[Opening Excerpted records section]
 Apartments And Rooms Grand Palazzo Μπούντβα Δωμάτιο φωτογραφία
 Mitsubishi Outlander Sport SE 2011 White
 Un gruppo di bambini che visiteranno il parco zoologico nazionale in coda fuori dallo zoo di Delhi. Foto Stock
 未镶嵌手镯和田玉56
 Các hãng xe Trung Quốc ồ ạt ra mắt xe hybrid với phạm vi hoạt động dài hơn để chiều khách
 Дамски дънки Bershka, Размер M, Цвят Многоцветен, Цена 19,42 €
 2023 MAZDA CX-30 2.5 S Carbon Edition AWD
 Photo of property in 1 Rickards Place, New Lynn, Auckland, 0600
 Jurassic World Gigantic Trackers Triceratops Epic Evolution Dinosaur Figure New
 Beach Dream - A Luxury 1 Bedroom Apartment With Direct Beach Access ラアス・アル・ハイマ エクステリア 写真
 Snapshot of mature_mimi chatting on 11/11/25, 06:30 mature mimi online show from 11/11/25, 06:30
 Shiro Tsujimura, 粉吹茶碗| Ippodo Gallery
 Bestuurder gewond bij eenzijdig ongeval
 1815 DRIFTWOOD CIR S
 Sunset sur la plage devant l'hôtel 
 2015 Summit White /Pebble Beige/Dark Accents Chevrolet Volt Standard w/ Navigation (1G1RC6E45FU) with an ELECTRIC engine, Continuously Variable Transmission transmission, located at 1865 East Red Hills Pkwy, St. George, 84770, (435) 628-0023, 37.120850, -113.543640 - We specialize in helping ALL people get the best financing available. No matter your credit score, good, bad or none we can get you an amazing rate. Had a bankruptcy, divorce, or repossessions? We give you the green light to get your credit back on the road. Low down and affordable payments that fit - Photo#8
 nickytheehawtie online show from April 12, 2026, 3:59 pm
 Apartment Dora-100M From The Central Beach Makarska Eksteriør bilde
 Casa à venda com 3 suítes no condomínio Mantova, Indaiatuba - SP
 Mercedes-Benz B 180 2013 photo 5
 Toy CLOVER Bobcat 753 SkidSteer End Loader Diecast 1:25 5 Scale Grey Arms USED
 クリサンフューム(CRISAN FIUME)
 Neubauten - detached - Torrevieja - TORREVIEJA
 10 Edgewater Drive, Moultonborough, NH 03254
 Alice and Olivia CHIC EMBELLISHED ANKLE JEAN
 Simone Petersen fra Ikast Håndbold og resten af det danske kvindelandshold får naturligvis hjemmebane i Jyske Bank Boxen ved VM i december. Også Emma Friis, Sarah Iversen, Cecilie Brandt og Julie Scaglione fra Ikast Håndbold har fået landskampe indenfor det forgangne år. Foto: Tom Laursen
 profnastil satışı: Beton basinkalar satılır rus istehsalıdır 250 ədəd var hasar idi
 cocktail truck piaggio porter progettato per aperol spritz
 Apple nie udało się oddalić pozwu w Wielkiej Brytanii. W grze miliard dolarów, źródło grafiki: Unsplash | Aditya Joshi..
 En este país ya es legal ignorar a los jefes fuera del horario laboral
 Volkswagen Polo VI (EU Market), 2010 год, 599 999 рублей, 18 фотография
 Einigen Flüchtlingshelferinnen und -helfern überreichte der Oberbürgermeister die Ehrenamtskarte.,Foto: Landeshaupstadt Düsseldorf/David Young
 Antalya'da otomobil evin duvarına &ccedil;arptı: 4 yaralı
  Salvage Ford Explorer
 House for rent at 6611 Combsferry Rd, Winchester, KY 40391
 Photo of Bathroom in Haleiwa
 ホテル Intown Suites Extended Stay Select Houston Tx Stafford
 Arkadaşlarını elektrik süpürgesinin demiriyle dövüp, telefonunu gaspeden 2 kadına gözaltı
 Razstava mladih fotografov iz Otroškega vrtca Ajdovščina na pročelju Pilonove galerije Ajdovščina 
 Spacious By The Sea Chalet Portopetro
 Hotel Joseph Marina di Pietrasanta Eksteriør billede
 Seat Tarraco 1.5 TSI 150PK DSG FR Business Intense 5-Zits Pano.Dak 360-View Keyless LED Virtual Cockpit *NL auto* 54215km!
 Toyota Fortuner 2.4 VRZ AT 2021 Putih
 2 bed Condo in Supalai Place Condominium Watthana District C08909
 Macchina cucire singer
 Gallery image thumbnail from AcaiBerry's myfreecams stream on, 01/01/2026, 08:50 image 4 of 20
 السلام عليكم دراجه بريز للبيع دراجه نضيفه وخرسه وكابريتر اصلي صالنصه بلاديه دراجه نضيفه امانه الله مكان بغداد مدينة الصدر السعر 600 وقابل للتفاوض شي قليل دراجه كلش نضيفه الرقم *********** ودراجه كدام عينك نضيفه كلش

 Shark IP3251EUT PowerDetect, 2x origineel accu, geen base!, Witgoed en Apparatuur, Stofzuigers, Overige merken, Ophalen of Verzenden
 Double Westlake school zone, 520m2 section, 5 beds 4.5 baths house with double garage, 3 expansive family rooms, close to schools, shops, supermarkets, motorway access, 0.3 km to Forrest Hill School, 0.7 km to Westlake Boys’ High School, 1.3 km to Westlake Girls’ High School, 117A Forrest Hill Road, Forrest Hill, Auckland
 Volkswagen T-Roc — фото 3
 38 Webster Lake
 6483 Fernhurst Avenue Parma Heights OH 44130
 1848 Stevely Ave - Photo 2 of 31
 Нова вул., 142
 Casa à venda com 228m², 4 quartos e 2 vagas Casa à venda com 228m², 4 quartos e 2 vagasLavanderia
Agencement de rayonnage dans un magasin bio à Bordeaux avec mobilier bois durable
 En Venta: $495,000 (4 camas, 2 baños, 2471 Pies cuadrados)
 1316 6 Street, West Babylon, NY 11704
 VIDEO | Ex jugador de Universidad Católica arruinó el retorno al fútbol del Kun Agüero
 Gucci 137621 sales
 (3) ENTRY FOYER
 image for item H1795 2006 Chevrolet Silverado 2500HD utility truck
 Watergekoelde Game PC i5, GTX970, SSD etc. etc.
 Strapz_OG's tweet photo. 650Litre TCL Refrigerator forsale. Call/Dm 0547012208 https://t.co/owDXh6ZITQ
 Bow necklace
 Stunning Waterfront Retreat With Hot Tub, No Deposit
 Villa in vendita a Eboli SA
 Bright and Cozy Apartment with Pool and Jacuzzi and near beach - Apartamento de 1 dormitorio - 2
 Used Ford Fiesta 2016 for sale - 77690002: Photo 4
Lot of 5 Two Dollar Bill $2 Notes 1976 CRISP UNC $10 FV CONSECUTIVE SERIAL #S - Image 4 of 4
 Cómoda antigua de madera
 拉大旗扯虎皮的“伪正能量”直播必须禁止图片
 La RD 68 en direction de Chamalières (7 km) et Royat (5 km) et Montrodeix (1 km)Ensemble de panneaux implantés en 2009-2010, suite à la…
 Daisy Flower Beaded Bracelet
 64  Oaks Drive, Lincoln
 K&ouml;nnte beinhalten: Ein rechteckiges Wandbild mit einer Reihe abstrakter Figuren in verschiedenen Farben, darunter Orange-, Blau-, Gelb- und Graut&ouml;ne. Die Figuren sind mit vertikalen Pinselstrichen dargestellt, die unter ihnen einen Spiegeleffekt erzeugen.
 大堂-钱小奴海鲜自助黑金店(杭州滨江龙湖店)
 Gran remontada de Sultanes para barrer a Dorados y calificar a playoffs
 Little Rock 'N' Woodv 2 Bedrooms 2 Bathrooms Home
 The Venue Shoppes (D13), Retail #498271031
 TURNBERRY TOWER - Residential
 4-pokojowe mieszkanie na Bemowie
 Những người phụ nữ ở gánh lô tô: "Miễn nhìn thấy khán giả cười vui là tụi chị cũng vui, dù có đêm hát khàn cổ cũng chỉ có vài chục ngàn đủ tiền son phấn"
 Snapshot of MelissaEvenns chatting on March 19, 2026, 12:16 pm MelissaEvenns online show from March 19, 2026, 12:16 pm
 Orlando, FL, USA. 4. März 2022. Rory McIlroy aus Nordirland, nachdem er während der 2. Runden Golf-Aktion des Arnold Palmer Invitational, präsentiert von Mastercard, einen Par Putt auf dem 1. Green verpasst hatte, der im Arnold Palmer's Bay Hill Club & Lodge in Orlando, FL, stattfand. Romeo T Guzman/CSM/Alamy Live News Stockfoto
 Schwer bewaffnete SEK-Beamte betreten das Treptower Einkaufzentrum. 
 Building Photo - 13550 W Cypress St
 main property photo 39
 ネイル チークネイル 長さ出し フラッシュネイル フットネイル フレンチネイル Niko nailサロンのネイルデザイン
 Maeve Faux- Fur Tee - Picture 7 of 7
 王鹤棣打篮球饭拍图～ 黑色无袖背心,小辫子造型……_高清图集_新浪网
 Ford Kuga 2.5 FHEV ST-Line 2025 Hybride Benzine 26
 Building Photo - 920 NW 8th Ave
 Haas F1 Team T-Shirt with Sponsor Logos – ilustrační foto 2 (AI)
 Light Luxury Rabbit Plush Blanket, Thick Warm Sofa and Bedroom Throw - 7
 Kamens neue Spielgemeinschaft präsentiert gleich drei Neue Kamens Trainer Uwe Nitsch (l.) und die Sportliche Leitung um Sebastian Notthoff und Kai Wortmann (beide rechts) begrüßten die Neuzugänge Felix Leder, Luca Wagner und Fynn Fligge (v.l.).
[Closing Excerpted records section]
▶ [Your goal]: Beginning at the top of the data, please return every line until and including the line containing "2023 MAZDA CX-30 2.5 S Carbon Edition AWD", copied exactly, and nothing past it.

▶ [Worked solution]:
 Apartments And Rooms Grand Palazzo Μπούντβα Δωμάτιο φωτογραφία
 Mitsubishi Outlander Sport SE 2011 White
 Un gruppo di bambini che visiteranno il parco zoologico nazionale in coda fuori dallo zoo di Delhi. Foto Stock
 未镶嵌手镯和田玉56
 Các hãng xe Trung Quốc ồ ạt ra mắt xe hybrid với phạm vi hoạt động dài hơn để chiều khách
 Дамски дънки Bershka, Размер M, Цвят Многоцветен, Цена 19,42 €
 2023 MAZDA CX-30 2.5 S Carbon Edition AWD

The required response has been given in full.